### Exercise data
======

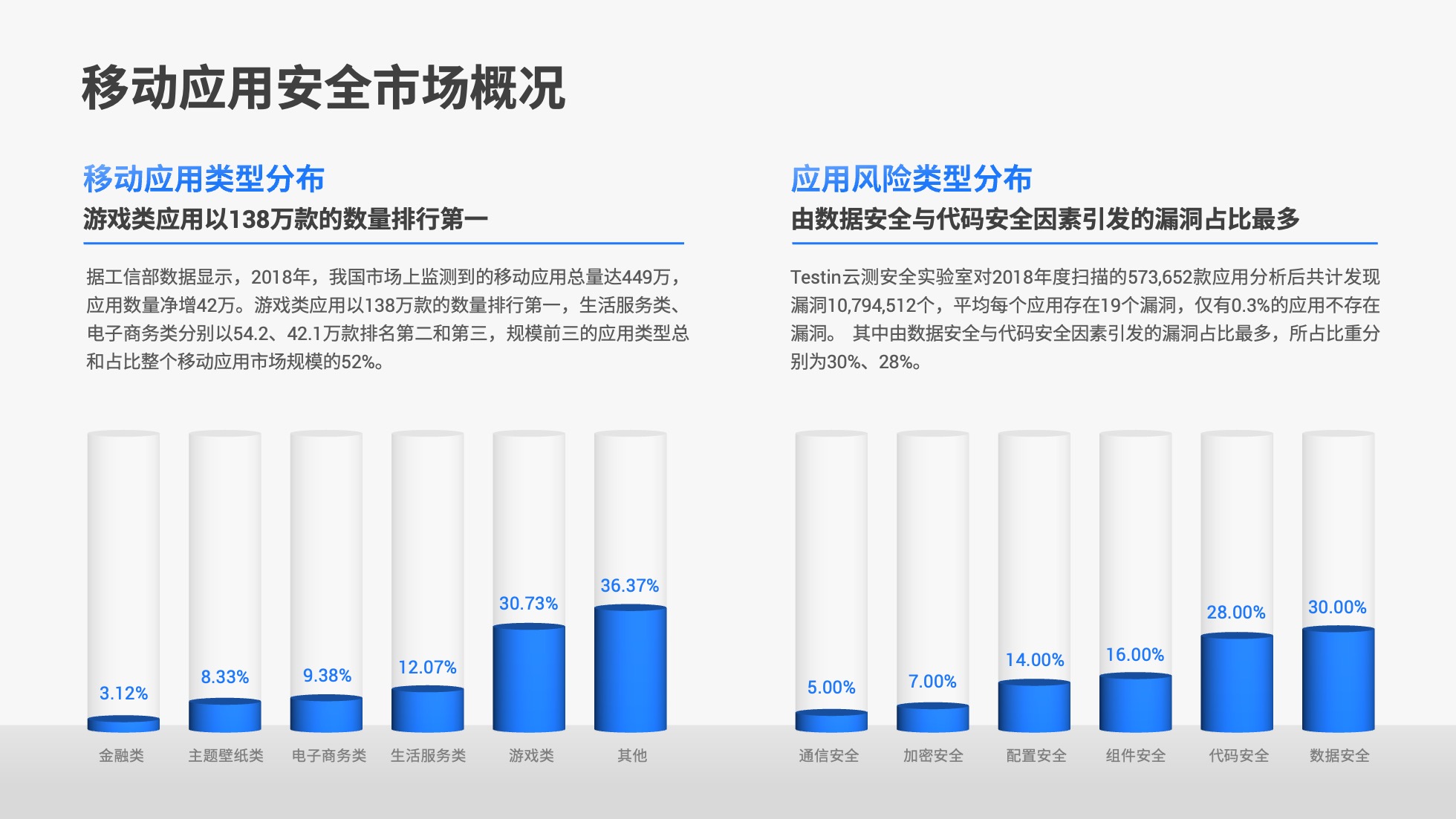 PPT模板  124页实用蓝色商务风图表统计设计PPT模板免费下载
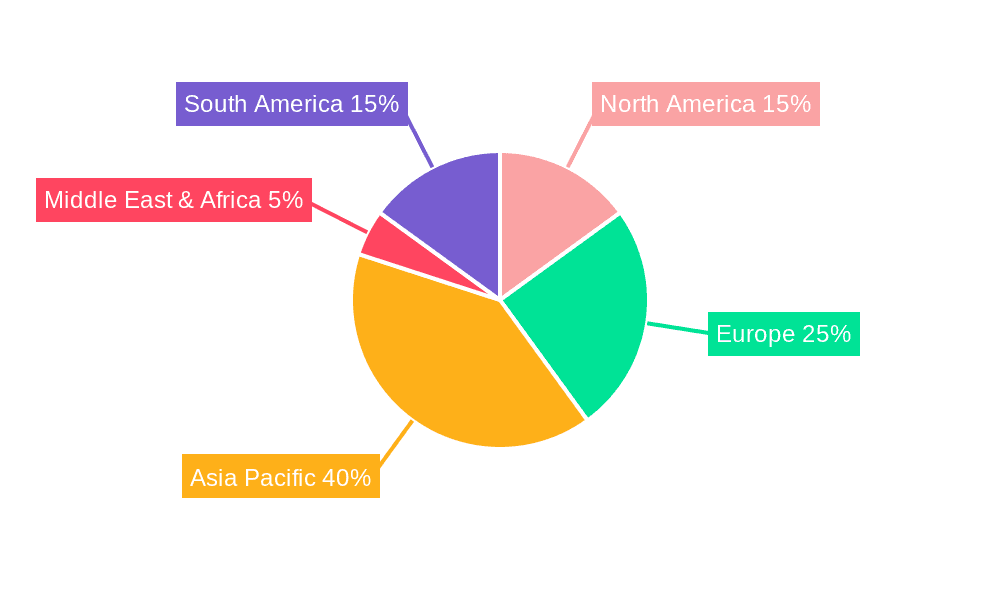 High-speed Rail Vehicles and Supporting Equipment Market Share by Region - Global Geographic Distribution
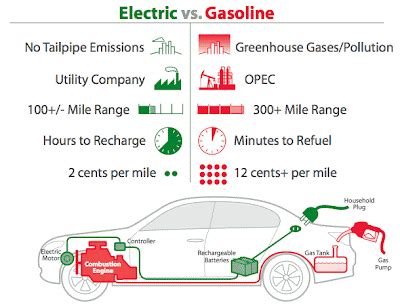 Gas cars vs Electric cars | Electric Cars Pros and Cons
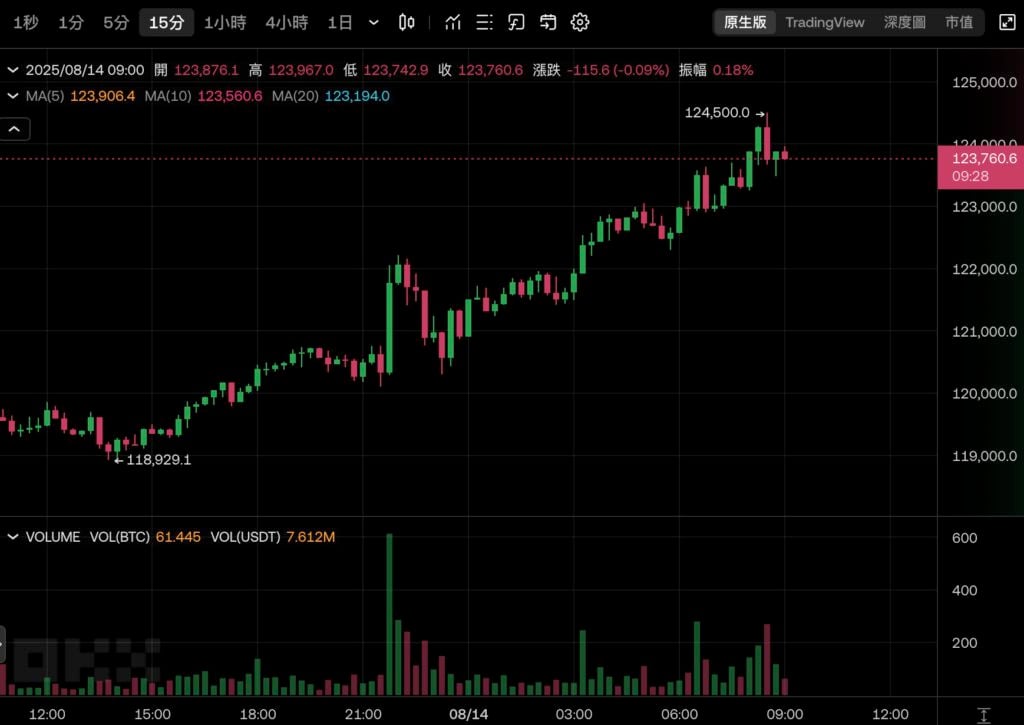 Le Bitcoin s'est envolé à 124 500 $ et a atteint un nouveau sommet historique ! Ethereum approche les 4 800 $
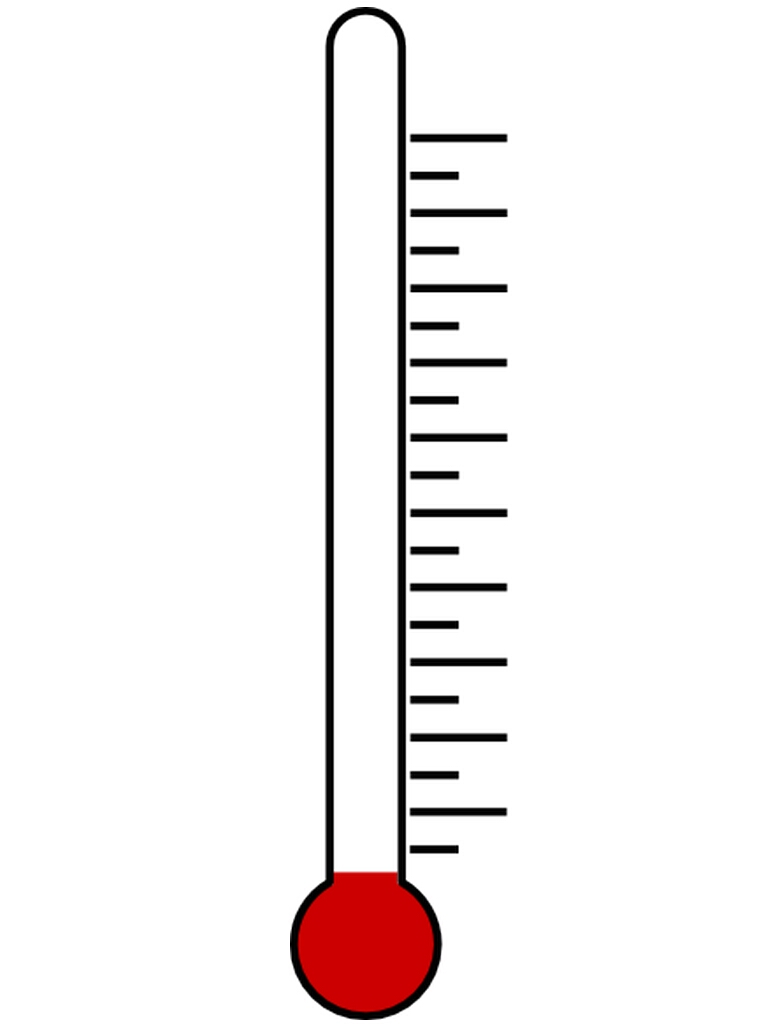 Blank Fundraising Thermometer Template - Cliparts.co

======

### Work to complete
Each line from the one containing "High-speed Rail Vehicles" through the final line of the data must be reproduced exactly, both ends included, with no pictures in the copy.

### Answer box
 High-speed Rail Vehicles and Supporting Equipment Market Share by Region - Global Geographic Distribution
 Gas cars vs Electric cars | Electric Cars Pros and Cons
 Le Bitcoin s'est envolé à 124 500 $ et a atteint un nouveau sommet historique ! Ethereum approche les 4 800 $
 Blank Fundraising Thermometer Template - Cliparts.co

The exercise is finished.